さらに、本田氏は個人的なアメリカ挑戦に留まることなく、1990年から6年間、毎年アメリカのトッププレイヤーを日本に招き、日本の選手にアルティメットを教えるJapan Friendship Tour(2年目の名称は「アルティメットコスモス」)を開催した。このイベントはマイケルら全米のトッププレイヤーが14名来日。日本の選手が150名程度参加する規模で行われた。参加費1万円を集めたが、それだけではアメリカ人プレーヤーらの渡航費・宿泊費を賄うことができないため、企業からのスポンサー、募金などを集めて、本田氏の持ち出しも加えるような形で開催されていた。

 

1990年 Japan Friendship Tourの様子

1990年 Japan Friendship Tourの様子。全米のスタープレイヤーが来日し、日本の選手たちにアルティメットを教えた。

 

50周年式典に参加していたJapan Friendship Tour参加プレイヤーたちとの集合写真

50周年式典に参加していたJapan Friendship Tour参加プレイヤーたちとの集合写真

 

このほか、1992年宇都宮で行われた世界選手権の日本代表監督兼選手を務めたり、日本フライングディスク協会内で様々な功績を残したりと、日本のアルティメット界のレジェントというべき本田氏。アメリカでの人脈や日本での功績がある彼だからこそ、今回の式典に招かれることになったのだ。

本田氏の現在の活動と今後の展望

取材の最後に、今後アルティメットやフライングディスクを通じてどんな活動をしたいのか、何を目指しているのかを伺った。すると、少し微笑んだあとに、真面目な顔に戻って、こう語ってくださった。

「自分の中で一番根っこにあるのは『世界平和』。これってものすごい大事だなって。アルティメットピースという活動をしているデーブ・バーカン氏がもしかしたらノーベル平和賞を取るかもしれない。アルティメットとかディスクに関わる誰か、あるいはフライングディスク、アルティメットという競技そのものがノーベル平和賞を取るようなことがあるかもしれない。とにかくそういう風になってほしいなと思うし、ディスクを通じて世界平和を実現できたら、それ以上に素晴らしいことはないなと思う。すごく難しいことだとは思うけどね。

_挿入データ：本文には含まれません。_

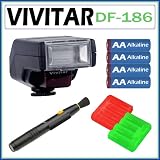 Vivitar Bounce Swivel Speedlite Flash for Canon EOS DSLR Cameras + Accessory Kit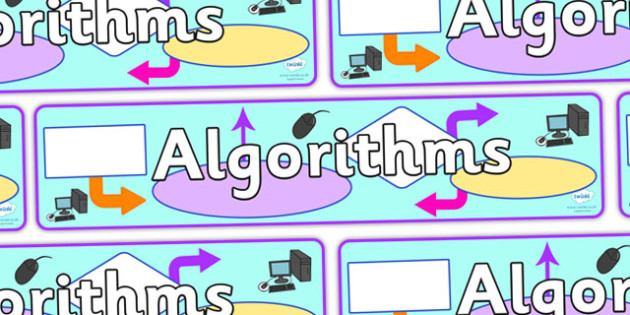 Algorithms Display Banner - algorithms, display, banner, banner for display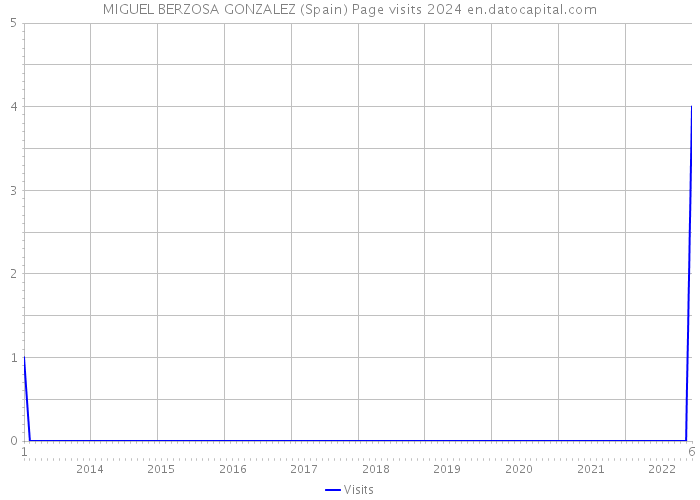 MIGUEL BERZOSA GONZALEZ (Spain) Page visits 2024 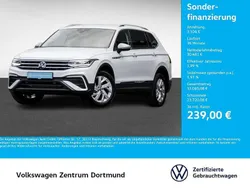 Weiß Gebraucht 2024 VW Tiguan Allspace Life SUV | 33.585 € (Guter Preis)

」

 

さらに、現在本田氏が力を入れているユース世代への普及活動についても話してくださった。

「今、日本では会員が5000人超えてきて、日本オリンピック委員会、日本スポーツ協会加盟にも加盟していて、って発展してきた。YouTubeや写真などでの発信の効果もあって、知名度も徐々に上がってきた。こうなってくると、今度は中学、高校の子供達に指導したり、彼らに指導する指導者を指導したりということが必要になってくる。そんなときに、ただ上からものを言うんではなくて、自分が現場でこれまでにユースを教えたり、日本代表として世界大会を経験しているからこそ、経験に基づいて『子供達はこういうプレーが得意ですよ。こういうメニューを楽しみますよ』と言えると説得力がある。だからこそ、今はユースの普及活動に力を注ぎたいし、それを多くの人にも協力してもらえるように取り組んでいることが価値になるかなと。」

本田氏は2010年以降、アルティメットを普及するには、ユースへの普及は必須だと考え、活動を続けてきた。当時はまだまだ環境が整っていなかったが、ご縁から東京都東大和市の中学生に教える活動がスタート。最初はアルティメットが学習指導要領に入っていなかったため、選択授業という形で実施した。その後、学習指導要領にも入り、今では複数の中学校へと指導環境が広がっている。この広がりは、最初に本田氏が指導した東大和市の中学校の体育を担当する教員が、転勤先の学校でもアルティメットを教えたいと申し出てくれて、徐々に広がったものだ。東大和のほか、練馬、三鷹、立川、府中、東村山、国分寺へと広がっている。

「中高生が部活を選ぶときに、野球・サッカー・バスケ・アルティメットが比較されるくらいにしたいね。」と本田氏は語る。アルティメット界のレジェンドが行う活動に注目したいし、私自身も自分にできるチャレンジを積み重ねることで、フライングディスクが世界を盛り上げ、平和にすることに関わりたいなと思わせていただいた。